项目描述:数据里涵盖从2010年12月1号到2011年12月9号期间在英国注册的在线零售店发生的所有在线交易,希望从中挖掘出有用的信息,特别是用户层面
项目数据来源:kaggle
数据字段:
- InvoiceNo: 发票编号。6位整数。如果代码以字母“c”开头,则表示是一个退货订单
- StockCode: 商品代码。为每个不同的产品唯一分配的5位整数
- Description: 商品描述
- Quantity:商品数量
- InvoiceDate:发票日期
- UnitPrice:单价。英镑单位的产品价格
- CustomerID:客户编码
- Country:每个客户所在的国家
模块导入和数据导入
import pandas as pd
import datetime
import math
import numpy as np
import matplotlib.pyplot as plt
import matplotlib.mlab as mlab
import matplotlib.cm as cm
%matplotlib inline
import seaborn as sns
sns.set(style="ticks", color_codes=True, font_scale=1.5)
color = sns.color_palette()
sns.set_style('darkgrid')
from scipy import stats
from scipy.stats import skew, norm, probplot, boxcox
from sklearn import preprocessing
from sklearn.cluster import KMeans
from sklearn.metrics import silhouette_samples, silhouette_score
#from IPython.display import display, HTML
from mpl_toolkits.mplot3d import Axes3D
import plotly as py
import plotly.graph_objs as go
py.offline.init_notebook_mode()
import datetime as dt
from IPython.core.interactiveshell import InteractiveShell
InteractiveShell.ast_node_interactivity = "all"
# IDs are not numerical but strings
df_initial = pd.read_excel("Online Retail.xlsx",dtype={'CustomerID': str,'InvoiceNo': str})
Data Munipulation
df_M = df_initial
df_M.head(5)
#删除重复值
df_M.shape
df_M.drop_duplicates(inplace= True)
df_M.shape
# 时间列调整
df_M['InvoiceDate'] = pd.to_datetime(df_M['InvoiceDate'])
df_M['Date'] = pd.to_datetime(df_M['InvoiceDate'].dt.date, errors='coerce')
df_M.describe()
发现有负值,应该是退款单的
# 检查类型和是否有空值
df_M.info()
我们发现Description和CustomerID有明显的缺失
# 数据处理
print('Dataframe dimensions:', df_M.shape)
# gives some infos on columns types and numer of null values
tab_info=pd.DataFrame(df_M.dtypes).T.rename(index={0:'column type'})
tab_info=tab_info.append(pd.DataFrame(df_M.isnull().sum()).T.rename(index={0:'null values (nb)'}))

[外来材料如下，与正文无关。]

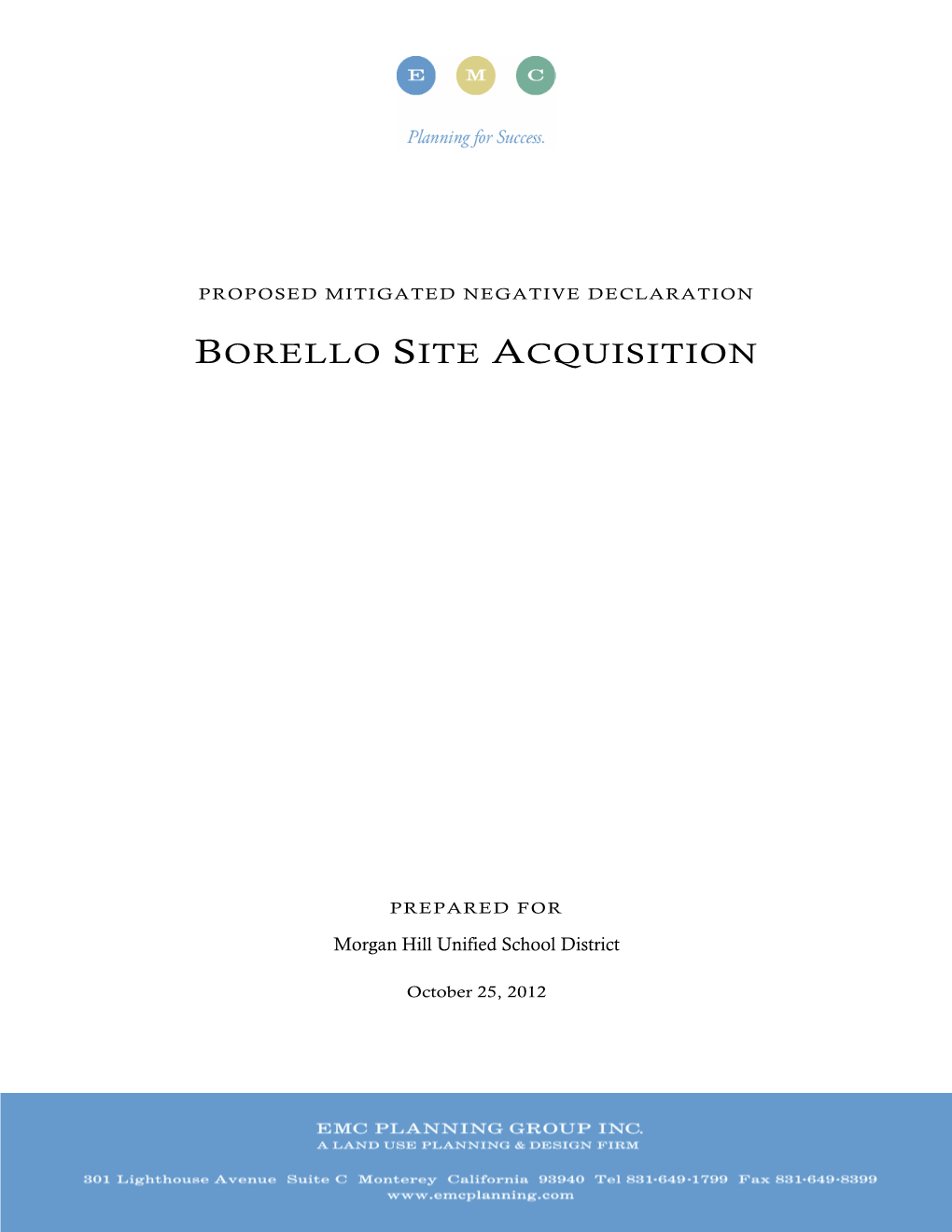 Borello Site Acquisition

tab_info=tab_info.append(pd.DataFrame(df_M.isnull().sum()/df_M.shape[0]*100).T.rename(index={0:'null values (%)'}))
display(tab_info)
display(df_M[:5])
# 放弃没有用户ID的
df_M = df_M[~(df_M.CustomerID.isnull())]
# 放弃单价为0的
df_M = df_M[df_M.UnitPrice!=0]
df_M.isnull().sum()
print('去除了百分之',round((541909-df_M.shape[0])/541909*100,2))
去除了百分之 25.9
# 重新规整数字类型
df_M['Quantity'] = df_M['Quantity'].astype('int32')
df_M['UnitPrice'] = df_M['UnitPrice'].astype('float')

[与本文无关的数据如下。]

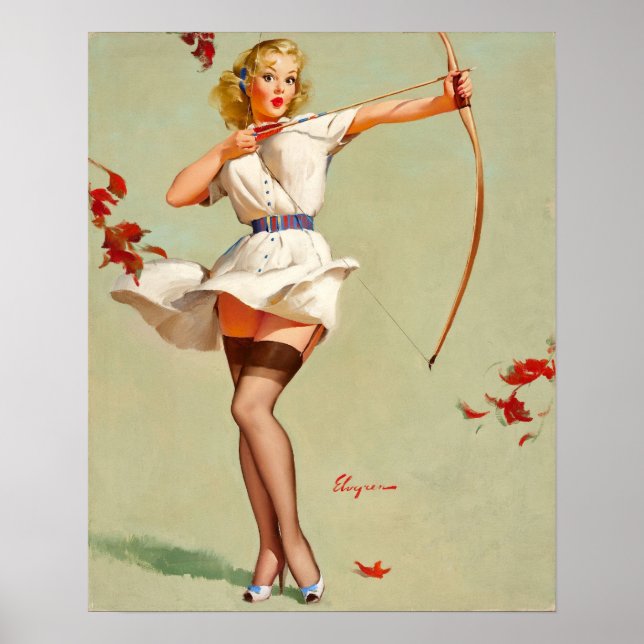 Poster Archery Pin-up (Devant)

df_M['CustomerID'] = df_M['CustomerID'].astype('int32')
df_M['InvoiceNo'] = df_M['InvoiceNo'].astype('str')
# 增加消费金额这列
df_M['SumPrice']=df_M['UnitPrice']*df_M['Quantity']
客户消费行为分析
客户生命周期
# 建立副本
df=df_M.copy()
df.head()
查看用户的初次与末次(最近)消费时间:
# 客户的初次消费时间
mindate = df.groupby('CustomerID')[['Date']].min()
# 客户的末次消费时间
maxdate = df.groupby('CustomerID')[['Date']].max()
# 客户的消费周期
life_time=(maxdate - mindate)
life_time.head()
# 转换为数值
life_time['life_time'] = life_time['Date'].dt.days
# 客户周期分布
fig=plt.figure(figsize=(12,6))
sns.distplot(life_time[life_time['life_time']>0].life_time,bins=30,color='g')
plt.title('Life Time Distribution')
plt.ylabel('Customer number')
plt.xlabel('Life time (days)')
plt.show()
- 大部分客户的消费周期还是偏向于短期
- 由于选取数据周期的原因,客户的生命周期有可能还在往后延伸
# 平均用户周期为
life_time[life_time['life_time'] > 0].life_time.mean()

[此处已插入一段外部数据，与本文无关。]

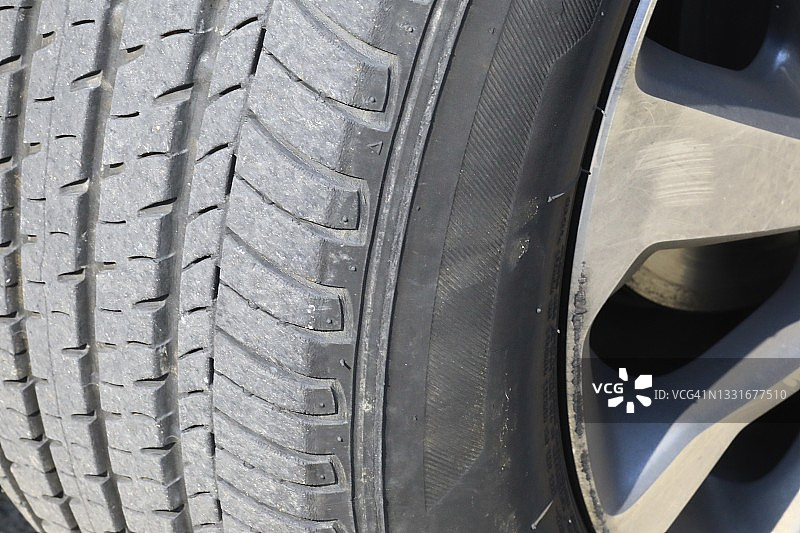 轮胎胎面特写图片素材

life_time.life_time.mean()
195.4653961885657
133.75360329444064
说明客户消费一次后再次引导消费的成功率应该会提高
用户留存分析
假设在这段周期内的用户首次消费为他的初次消费
#通过内表连接df和mindate,计算顾客每次消费日期与顾客任意一次消费的差距
customer_retention = pd.merge(df, mindate, left_on='CustomerID', right_index=True, how='inner', suffixes=('', 'Min'))
customer_retention['DateDiff'] = (customer_retention.Date - customer_retention.DateMin).dt.days
date_bins = [0, 3, 7, 30, 60, 90, 180,500]
customer_retention['DateDiffBin'] = pd.cut(customer_retention.DateDiff, bins = date_bins)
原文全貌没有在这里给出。